While reading this poem, I could not help but think to myself that Shakespeare was a completely different man than Donne. His lustful desires cause him to feel ashamed, as well as a host of other dark emotions. In contrast, the poems by Donne that we just read portray a man hungry for sex, that uses any kind of cunning to get his female object of desire to undress and sleep with him (referencing “The Flea” and “Elegy XX”). I find it very interesting that these two poets, these two men, have such completely differing perspectives on lust. John Donne seems to embrace desire and lust, while Shakespeare portrays one filled with darkness and shame. When meshing Donne’s eagerness and Shakespeare’s obsessive problems with lust, I could not help but think of Justin Timberlake’s song “Pusher Love Girl,” in which a man so longs for the “love” of his girl, that his desire is like the need for a variety of illicit and addictive drugs.

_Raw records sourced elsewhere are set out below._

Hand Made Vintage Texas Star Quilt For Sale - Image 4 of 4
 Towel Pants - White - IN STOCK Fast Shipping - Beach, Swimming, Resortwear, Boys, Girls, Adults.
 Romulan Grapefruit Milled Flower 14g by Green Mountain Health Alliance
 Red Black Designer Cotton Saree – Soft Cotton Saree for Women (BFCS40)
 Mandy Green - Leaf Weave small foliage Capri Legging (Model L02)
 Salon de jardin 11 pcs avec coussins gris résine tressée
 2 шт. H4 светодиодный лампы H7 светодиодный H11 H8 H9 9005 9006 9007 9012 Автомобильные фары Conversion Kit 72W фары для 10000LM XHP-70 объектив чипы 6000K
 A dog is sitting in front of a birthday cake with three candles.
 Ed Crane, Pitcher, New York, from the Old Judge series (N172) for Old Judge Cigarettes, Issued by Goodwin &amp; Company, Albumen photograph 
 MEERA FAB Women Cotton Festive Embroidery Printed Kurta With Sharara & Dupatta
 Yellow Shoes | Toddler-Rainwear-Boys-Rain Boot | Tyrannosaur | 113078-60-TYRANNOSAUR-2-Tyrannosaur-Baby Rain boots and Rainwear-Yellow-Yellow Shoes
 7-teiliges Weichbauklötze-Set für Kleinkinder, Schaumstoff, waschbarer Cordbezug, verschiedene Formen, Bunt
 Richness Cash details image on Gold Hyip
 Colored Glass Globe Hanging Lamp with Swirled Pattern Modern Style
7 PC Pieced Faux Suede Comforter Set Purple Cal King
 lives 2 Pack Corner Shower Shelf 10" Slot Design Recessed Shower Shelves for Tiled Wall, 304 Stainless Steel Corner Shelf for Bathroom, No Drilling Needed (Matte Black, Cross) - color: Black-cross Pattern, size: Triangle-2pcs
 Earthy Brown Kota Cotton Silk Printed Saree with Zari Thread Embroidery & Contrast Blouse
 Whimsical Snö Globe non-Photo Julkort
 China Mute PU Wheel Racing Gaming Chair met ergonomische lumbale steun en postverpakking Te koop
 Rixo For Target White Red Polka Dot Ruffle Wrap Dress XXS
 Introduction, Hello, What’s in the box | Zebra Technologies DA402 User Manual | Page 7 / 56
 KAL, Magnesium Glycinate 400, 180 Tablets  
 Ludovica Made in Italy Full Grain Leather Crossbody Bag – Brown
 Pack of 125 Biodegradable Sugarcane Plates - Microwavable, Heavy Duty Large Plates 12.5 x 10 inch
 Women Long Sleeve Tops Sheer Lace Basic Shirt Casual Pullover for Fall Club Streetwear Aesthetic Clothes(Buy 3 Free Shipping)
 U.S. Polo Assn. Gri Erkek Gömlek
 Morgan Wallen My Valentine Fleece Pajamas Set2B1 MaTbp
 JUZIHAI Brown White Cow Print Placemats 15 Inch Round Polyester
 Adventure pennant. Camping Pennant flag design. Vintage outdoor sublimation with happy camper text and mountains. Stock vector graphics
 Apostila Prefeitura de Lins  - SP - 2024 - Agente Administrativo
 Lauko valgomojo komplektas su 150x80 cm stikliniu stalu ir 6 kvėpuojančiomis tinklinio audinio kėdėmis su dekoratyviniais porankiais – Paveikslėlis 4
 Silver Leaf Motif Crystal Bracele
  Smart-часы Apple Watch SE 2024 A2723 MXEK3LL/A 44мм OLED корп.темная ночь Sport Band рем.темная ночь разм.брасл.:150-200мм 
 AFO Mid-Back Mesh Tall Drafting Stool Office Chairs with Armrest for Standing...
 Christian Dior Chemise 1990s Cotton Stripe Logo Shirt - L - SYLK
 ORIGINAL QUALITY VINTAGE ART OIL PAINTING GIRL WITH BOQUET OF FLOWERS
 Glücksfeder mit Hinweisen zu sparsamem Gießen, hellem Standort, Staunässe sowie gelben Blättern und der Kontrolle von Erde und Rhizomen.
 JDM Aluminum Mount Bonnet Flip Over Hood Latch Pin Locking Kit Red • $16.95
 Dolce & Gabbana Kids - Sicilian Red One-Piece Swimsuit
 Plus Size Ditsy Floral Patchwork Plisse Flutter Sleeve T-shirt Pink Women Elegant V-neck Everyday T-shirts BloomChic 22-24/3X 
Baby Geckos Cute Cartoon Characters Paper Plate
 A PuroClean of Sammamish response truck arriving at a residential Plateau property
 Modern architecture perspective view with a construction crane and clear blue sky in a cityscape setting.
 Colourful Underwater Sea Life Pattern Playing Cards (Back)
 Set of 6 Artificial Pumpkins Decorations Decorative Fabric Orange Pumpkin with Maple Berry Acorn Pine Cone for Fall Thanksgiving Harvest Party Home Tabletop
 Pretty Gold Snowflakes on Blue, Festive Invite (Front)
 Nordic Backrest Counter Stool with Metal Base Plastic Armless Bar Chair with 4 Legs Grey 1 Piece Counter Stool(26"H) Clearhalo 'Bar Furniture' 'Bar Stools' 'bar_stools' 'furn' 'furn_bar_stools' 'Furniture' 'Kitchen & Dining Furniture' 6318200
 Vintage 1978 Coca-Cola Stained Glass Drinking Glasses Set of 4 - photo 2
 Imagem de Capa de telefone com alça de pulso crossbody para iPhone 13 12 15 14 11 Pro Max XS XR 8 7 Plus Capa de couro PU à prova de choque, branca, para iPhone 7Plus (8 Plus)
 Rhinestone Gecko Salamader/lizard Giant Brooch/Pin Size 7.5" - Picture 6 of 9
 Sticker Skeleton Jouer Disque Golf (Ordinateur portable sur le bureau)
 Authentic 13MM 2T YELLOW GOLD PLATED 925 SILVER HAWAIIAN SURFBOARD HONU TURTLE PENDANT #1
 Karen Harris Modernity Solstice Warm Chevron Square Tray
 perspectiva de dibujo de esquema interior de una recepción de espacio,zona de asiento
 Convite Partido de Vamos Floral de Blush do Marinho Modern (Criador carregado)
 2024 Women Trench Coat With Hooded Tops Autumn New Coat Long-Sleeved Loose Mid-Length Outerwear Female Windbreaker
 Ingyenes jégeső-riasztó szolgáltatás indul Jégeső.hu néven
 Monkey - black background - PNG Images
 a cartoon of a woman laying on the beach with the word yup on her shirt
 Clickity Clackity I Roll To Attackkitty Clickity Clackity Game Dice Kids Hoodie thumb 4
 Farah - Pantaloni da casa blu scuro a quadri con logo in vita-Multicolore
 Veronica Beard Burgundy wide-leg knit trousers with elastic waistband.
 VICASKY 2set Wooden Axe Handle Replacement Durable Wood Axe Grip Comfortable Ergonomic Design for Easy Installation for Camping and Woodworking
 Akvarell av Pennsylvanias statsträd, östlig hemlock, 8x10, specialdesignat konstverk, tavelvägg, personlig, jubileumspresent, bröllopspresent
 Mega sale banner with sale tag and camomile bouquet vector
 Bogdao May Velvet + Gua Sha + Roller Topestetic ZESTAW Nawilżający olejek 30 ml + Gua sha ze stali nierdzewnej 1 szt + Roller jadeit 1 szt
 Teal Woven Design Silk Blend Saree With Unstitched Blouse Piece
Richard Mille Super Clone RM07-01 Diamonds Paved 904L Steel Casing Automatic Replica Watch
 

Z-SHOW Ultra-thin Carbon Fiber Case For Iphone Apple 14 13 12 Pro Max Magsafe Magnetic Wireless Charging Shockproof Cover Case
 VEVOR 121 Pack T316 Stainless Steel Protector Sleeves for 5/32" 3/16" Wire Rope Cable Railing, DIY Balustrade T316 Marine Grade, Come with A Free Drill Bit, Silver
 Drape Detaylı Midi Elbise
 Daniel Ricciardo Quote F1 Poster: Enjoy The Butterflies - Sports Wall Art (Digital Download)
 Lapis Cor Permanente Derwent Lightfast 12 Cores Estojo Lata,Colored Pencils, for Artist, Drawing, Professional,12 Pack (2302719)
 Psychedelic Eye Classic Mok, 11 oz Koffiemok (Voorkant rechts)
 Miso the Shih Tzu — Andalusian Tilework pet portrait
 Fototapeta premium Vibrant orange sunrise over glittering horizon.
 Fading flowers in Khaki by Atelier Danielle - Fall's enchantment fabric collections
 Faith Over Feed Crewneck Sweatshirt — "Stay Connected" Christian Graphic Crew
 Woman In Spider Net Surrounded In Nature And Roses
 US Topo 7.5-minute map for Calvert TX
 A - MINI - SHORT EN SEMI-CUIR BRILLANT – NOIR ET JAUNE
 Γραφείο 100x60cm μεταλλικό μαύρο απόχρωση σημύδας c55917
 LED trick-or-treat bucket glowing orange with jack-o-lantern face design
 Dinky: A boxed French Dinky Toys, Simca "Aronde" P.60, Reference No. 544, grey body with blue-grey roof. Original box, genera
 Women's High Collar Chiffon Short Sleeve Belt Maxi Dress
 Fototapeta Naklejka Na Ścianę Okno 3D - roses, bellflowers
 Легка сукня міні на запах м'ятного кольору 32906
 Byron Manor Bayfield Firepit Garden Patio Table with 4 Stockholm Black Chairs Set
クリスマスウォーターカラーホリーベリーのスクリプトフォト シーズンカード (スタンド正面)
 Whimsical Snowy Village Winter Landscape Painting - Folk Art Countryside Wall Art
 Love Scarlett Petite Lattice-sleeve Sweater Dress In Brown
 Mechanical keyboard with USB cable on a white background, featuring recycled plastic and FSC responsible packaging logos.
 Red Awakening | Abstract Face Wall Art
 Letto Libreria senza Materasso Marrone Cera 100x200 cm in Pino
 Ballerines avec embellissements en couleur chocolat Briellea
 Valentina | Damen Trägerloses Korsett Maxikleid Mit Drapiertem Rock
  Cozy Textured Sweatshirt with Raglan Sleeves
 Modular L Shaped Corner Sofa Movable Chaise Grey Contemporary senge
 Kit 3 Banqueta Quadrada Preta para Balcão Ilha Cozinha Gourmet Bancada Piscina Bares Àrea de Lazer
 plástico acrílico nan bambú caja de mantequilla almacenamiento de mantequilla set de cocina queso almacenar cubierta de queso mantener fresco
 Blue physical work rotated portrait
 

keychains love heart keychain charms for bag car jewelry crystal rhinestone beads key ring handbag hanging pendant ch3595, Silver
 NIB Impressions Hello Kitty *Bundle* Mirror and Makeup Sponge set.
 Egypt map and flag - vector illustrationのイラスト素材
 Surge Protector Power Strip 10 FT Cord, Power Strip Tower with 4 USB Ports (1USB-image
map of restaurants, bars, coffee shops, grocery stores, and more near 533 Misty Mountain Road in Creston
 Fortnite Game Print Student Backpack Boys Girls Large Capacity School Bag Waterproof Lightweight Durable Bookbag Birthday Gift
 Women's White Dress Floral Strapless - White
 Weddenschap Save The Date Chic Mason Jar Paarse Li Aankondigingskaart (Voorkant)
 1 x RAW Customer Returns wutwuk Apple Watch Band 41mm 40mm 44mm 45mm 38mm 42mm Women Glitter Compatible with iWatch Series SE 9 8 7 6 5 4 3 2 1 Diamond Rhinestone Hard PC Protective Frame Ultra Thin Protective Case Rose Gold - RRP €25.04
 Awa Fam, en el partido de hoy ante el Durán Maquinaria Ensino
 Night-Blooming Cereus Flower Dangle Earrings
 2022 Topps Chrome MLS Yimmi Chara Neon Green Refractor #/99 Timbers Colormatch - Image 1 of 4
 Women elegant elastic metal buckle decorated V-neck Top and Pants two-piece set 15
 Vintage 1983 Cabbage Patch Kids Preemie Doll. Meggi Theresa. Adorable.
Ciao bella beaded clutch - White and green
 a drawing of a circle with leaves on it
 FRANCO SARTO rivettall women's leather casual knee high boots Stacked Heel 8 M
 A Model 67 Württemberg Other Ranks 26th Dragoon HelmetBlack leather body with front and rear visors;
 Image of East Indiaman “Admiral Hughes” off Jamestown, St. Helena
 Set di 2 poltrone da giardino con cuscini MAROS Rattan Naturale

“Sonnet 129” surprises me because Shakespeare is not averse to sex or sexual desire, as some of his other poems and plays will demonstrate. Taking this into account, I think his poem is trying to demonstrate the obsession that develops out of lust for sex, not any problems with the act itself. The poet is bothered by the amount of time and energy exhausted on desirous feelings, noted with “the expense of spirit in a waste of shame / is lust in action.” The darkness that occurs in want of “lust in action” is “perjured, murderous, bloody, full of blame, / Savage, extreme, rude, cruel, not to trust.” Even after the lustful act, it is “no sooner but despised straight.” Shakespeare is filled with a complex set of emotions that appear to be fighting one another. It appears that the fixation of lust does not justify sex or the sex does not alleviate any of the dark emotions that occur. This might explain the frustration and anger portrayed in the metaphor of the hunter and “swallow’d bait.”
On the opposite side of the spectrum, there is the cunning John Donne who uses philosophic and metaphysical mind tricks to coax women to sleep with him and undress themselves. There is no sense of shame or darkness in any of his propositions or desires. Instead of Shakespeare’s dark imagery of savagery, murder, blood and cruelty, Donne describes his desire in religious, hopeful, and comedic ways. “Elegy XX – On Mistress Going to Bed” demonstrates this best, using religious and conquesting imagery and ending with a surprising twist. Ironically, while Shakespeare’s sonnet harkens to religious ideals of being chaste, there is no hint or mention of religion, whereas in Donne’s poem “Elegy XX,” religious references are used to bolster his lustful propositions.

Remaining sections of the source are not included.